The full API still serves them for broader use cases.
**Not a variant — arch micro-levels**: Bun's "baseline" is actually `amd64` (v1),
and the non-baseline is `amd64v3`. These use the `Arch` field directly, and the
resolver's existing fallback chain (`amd64v3``amd64v2``amd64`) handles
selection naturally.
### Format Classification
All assets are stored — nothing is dropped at classification time.
Most formats are extractable and need no special tagging — the file extension
is enough signal for the install scripts:
- `.tar.gz`, `.tar.xz`, `.tar.zst`, `.zip`, `.7z` — standard archives
- `.pkg` — macOS: extractable via `pkgutil --expand-full` (flat files, no install)

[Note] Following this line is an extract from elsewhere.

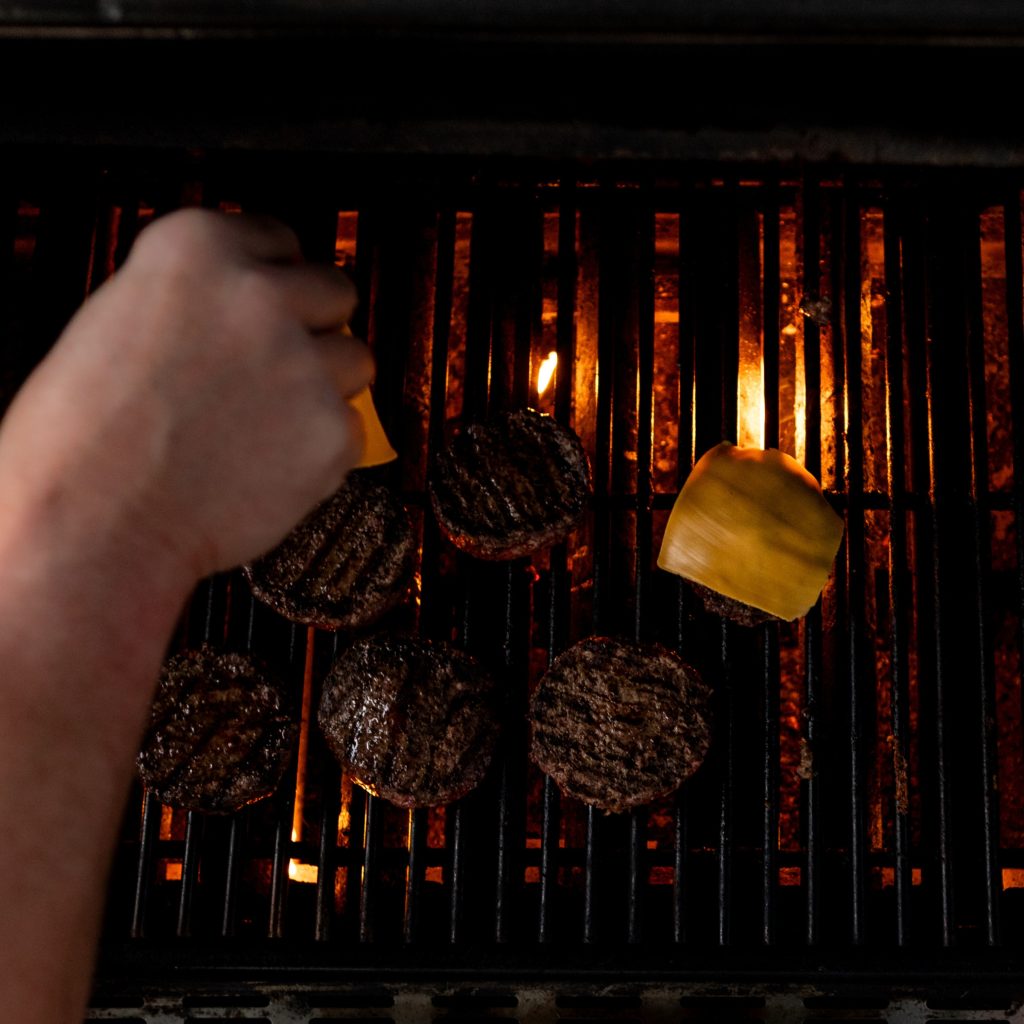 simply seasoned burgers on a grill where two are topped with cheese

See: https://coolaj86.com/articles/how-to-extract-pkg-files-and-payload/
- `.deb` — extractable via `ar x` + `tar xf data.tar.*`
- `.dmg` — mountable via `hdiutil attach`
- `.msi` — extractable via `msiexec /a` or `lessmsi`
- `.AppImage` — self-contained, chmod +x and run
The one ambiguous format is `.exe` — it could be a bare binary (the actual tool)
or a GUI installer (which can't be automated). Assets where `.exe` is an installer
(not the tool itself) get `Variants: ["installer"]` so the resolver skips them
by default.
### Legacy Export Filtering
During migration, `fsstore` writes JSON in the Node.js `_cache/` format. The
Node.js server reads this directly. Two filters apply at export time
(`storage.ExportLegacy`):
1. **Build variants**: Assets with non-empty `Variants` are stripped (Node.js
doesn't know about rocm/jetpack/fxdependent/head/appimage)
2. **Format**: Assets with formats the Node.js server doesn't recognize are
stripped (recognized: tar.gz, zip, xz, pkg, msi, exe, dmg, git, etc.)
This keeps the primary Go pipeline complete while the legacy path stays compat.
### Version: Go 1.26+
Using `http.ServeMux` with `PathValue` for routing (available since Go 1.22).
Middleware via `github.com/therootcompany/golib/http/middleware/v2`.
### No ORM
PostgreSQL access via `pgx` + `sqlc`. Queries are hand-written SQL, type-safe
Go code is generated.
### Template Rendering
Use `text/template` or simple string replacement (matching current behavior).
The templates are shell scripts — they need literal `$` and `{}` — so
`text/template` may be the wrong tool. Likely better to stick with the current
regex-replacement approach, ported to Go.
### Error Handling
The current system returns a synthetic "error release" (`version: 0.0.0`,
`channel: error`) when no match is found, rather than an HTTP error. This
behavior must be preserved for backward compatibility.
## Open Questions
- [ ] **Multi-source config**: `node` needs both official + unofficial URLs.
Current releases.conf only supports one `source`. Node's classifier handles
this via a special case (`unofficial_url` in Extra). Needs a cleaner design.
- [ ] What's the deployment topology? Single binary serving both roles? Separate
processes? Kubernetes pods?
- [ ] Per-installer config format: what structure best expresses version-ranged
libc overrides, arch fallback overrides, and nonstandard asset naming? Go
struct + TOML/YAML? Go code (compiled into webicached)?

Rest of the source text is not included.